Elyse Graham ’07
As Elyse Graham ’07 stepped off the plane in Newark Airport, to begin her freshman year at Princeton, she encountered her first, real-life New York accent. “I thought they were made up for television,” admits the West Coast native.

The once-naif is now an expert on that accent — more popularly known as “Brooklynese” — and on the broader history of language in New York City. Graham teaches a popular course on the subject at Stony Brook University and has also written a new book, You TalkinTo Me? — The Unruly History of New York English (published under her pen name, E.J. White).

For decades, “Noo Yawk” accents have been represented in movies and cartoons, (Bugs Bunny has a New York accent) by gangsters and hustler types. Yet, it was once the speech of the upper class. In recordings of Theodore Roosevelt, one can hear the famous “Old New York upgliding diphthong,” as Graham puts it, when he says sounds like “boined” for “burned.”

One reason the accent went from connoting upper-class to lower-class? Its stigmatization after huge numbers of immigrants from Southern and Eastern Europe began to arrive in New York City. That precipitated a turn among elite institutions (including Ivy League admissions offices) away from New England and toward the West and Midwest, where Protestants of Western European descent were more likely to live, Graham explains.

“I read one memoir by an alumnus who attended Princeton during the 1930s, [who] wrote about having to get rid of his Midwestern accent to fit it in at Princeton,” Graham says. “Today it’s the opposite — you would get rid of your New York accent to show you were educated.” She points out that America is one of the only nations whose national speech standard comes not from its capital of finance and culture, as in England or France, but from other parts of the country (the West and Midwest).

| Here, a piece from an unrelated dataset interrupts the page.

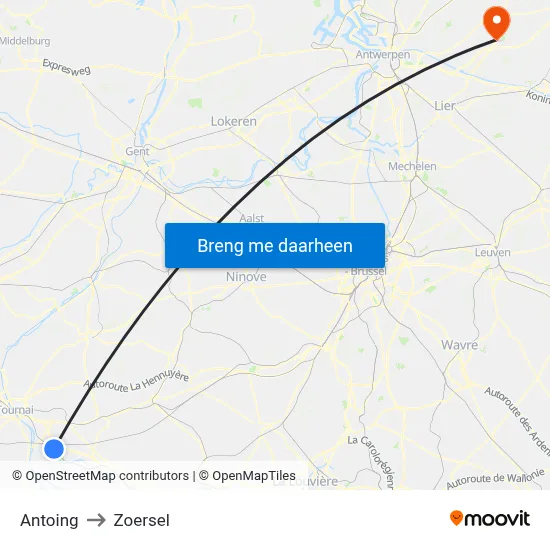 Antoing to Zoersel map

In other chapters, Graham describes how the slang of New York City was transmitted across the country through crime novels (which reflected the profound changes brought by urbanization from 1850 to 1950 and carried instructive warnings about con men and grifters), and continues to be transmitted through hip-hop (arguably the art form with the greatest influence on language today).

As a former writer of Triangle Club songs, Graham’s favorite chapter is about Tin Pan Alley — a stretch of Manhattan that became the center for commercial songwriting during the late 19th century. “Songs draw on popular speech and they reshape popular speech,” Graham explains. She views this as something of a revolutionary act, given that the Jewish immigrant and child-of-immigrant songwriters who dominated Tin Pan Alley grew up during a time the city had a Bureau of Speech Improvement, which drilled students in the “correct” way of speaking. Classroom posters from the era admonished, “America! Speak English!” and “A more beautiful accent for a more beautiful country,” Graham says.

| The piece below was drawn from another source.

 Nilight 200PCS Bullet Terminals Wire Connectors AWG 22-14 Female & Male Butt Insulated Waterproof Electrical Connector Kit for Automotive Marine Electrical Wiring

The New York accent is fading more slowly than expected. Some researchers attribute this to a desire to assert one’s identity as a local, in a gentrifying city that has seen a huge influx of outsiders since the 1980s. Even young people aware of its stigmatization, and easily able to “code switch” between more and less prestigious accents, continue to hang on to the New York sound. Native New Yorkers have transfused the stigma with what sociolinguist Kara Becker calls “covert prestige,” according to Graham. “I’m from New York; can’t you hear it?” Graham writes. “It’s a lot of weight for a little sound to carry.”